- Work instruction
Please transcribe exactly the line that holds "Zetor Forterra 130" and all lines that follow it to the end of the records below, omitting any pictures.

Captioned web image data
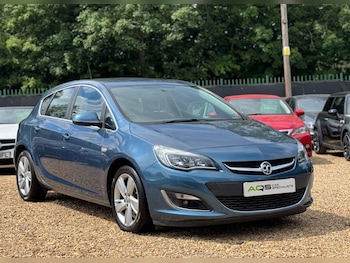 Used Vauxhall Astra 2015 for sale - 78775955: Photo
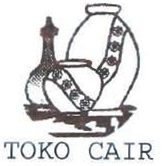 Trademark TOKO CAIR + LOGO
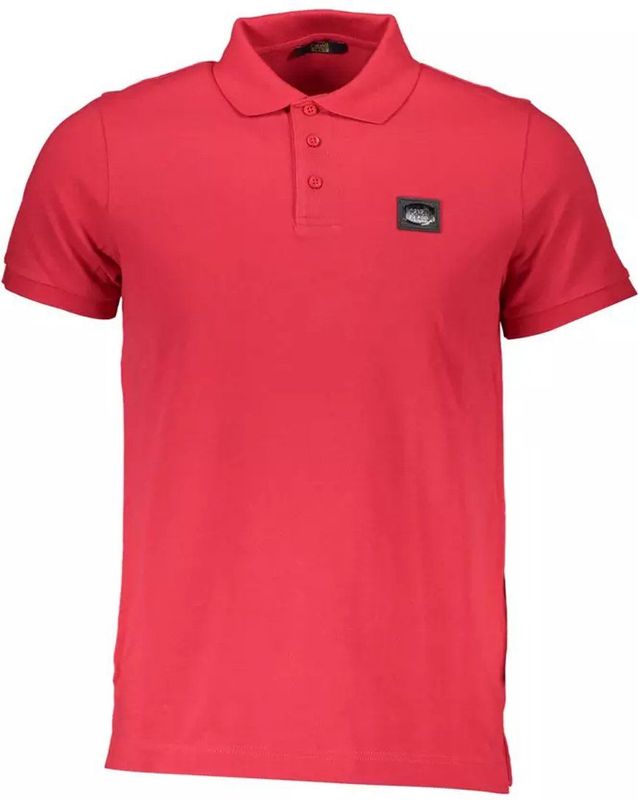 Polo - Rood - CA21295 - Polo Shirt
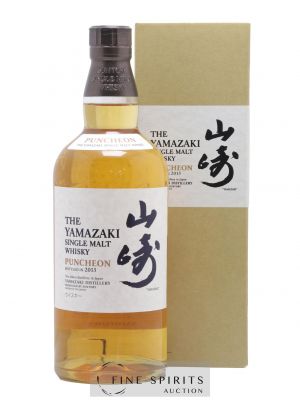 Yamazaki Of. Puncheon bottled 2013 Suntory   - Lot de 1 Bouteille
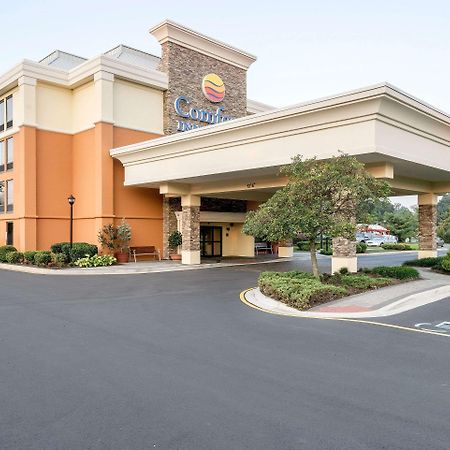 Comfort Inn & Suites Newark - Wilmington Exterior foto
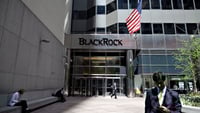 Changing of the Vanguard? BlackRock's ETF dominance slipping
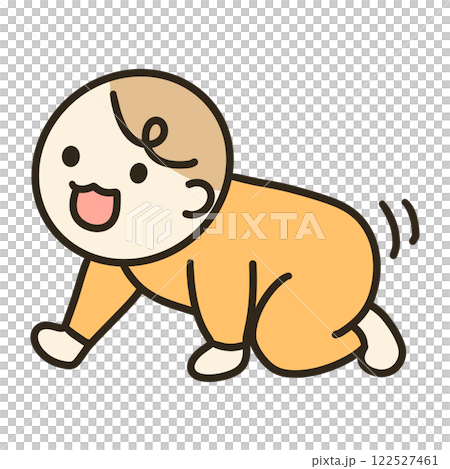 ハイハイ ハイハイ 122527461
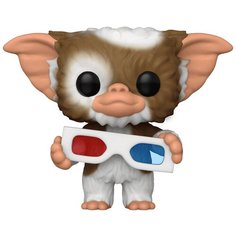 Фигурка Funko POP Rides: Gremlins – Gizmo With 3D Glasses Flocked Exclusive (9,5 см)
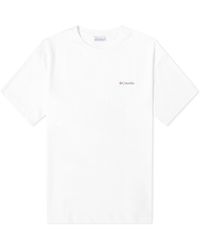 Columbia - Burnt Lake Graphic T-Shirt - Lyst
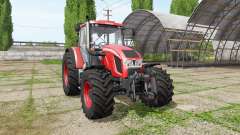 Zetor Forterra 130 HD pour Farming Simulator 2017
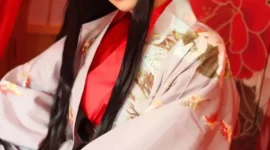 花魁  花降楼和服-绝对领域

- Answer
 Zetor Forterra 130 HD pour Farming Simulator 2017
 花魁  花降楼和服-绝对领域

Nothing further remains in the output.